Include with #SBATCH --reservation==<reservation-name>. On UPPMAX it is “magnetic” and so follows the project ID without you having to add the reservation name.

NOTE as there is only one/a few nodes reserved, you should NOT use the reservations for long jobs as this will block their use for everyone else. Using them for short test jobs is what they are for.

  • UPPMAX
  • HPC2N
    • hpc-python-fri for one AMD Zen4 cpu on Friday

    • hpc-python-mon for one AMD Zen4 cpu on Monday

    • hpc-python-tue for two L40s gpus on Tuesday

    • it is magnetic, so will be used automatically

  • LUNARC

What is a batch job?

Batch systems keeps track of available system resources and takes care of scheduling jobs of multiple users running their tasks simultaneously. It typically organizes submitted jobs into some sort of prioritized queue. The batch system is also used to enforce local system resource usage and job scheduling policies.

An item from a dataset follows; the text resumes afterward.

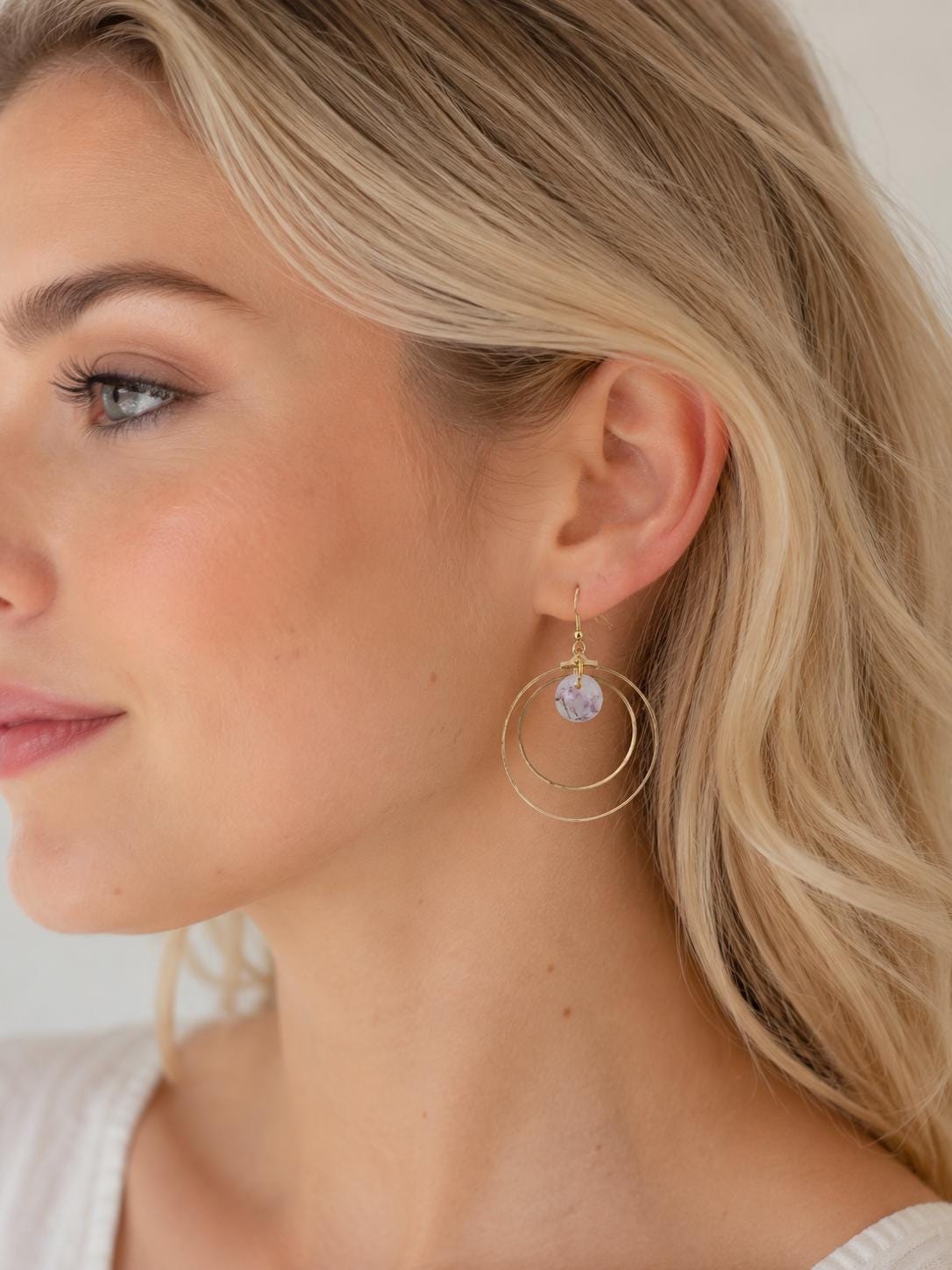 A close-up side profile of a blonde woman wearing a delicate gold hoop earring with a small round lavender-purple crystal drop.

Most Swedish HPC clusters are running Slurm. It is an Open Source job scheduler, which provides three key functions.

  • First, it allocates to users, exclusive or non-exclusive access to resources for some period of time.

  • Second, it provides a framework for starting, executing, and monitoring work on a set of allocated nodes (the cluster).

  • Third, it manages a queue of pending jobs, in order to distribute work across resources according to policies.

Slurm is designed to handle thousands of nodes in a single cluster, and can sustain throughput of 120,000 jobs per hour.

What are some important commands regarding batch jobs?


This is a brief summary of some of the most important Slurm commands:

  • Submit job: sbatch JOBSCRIPT
    • When you submit a job, the system also returns a Job-ID.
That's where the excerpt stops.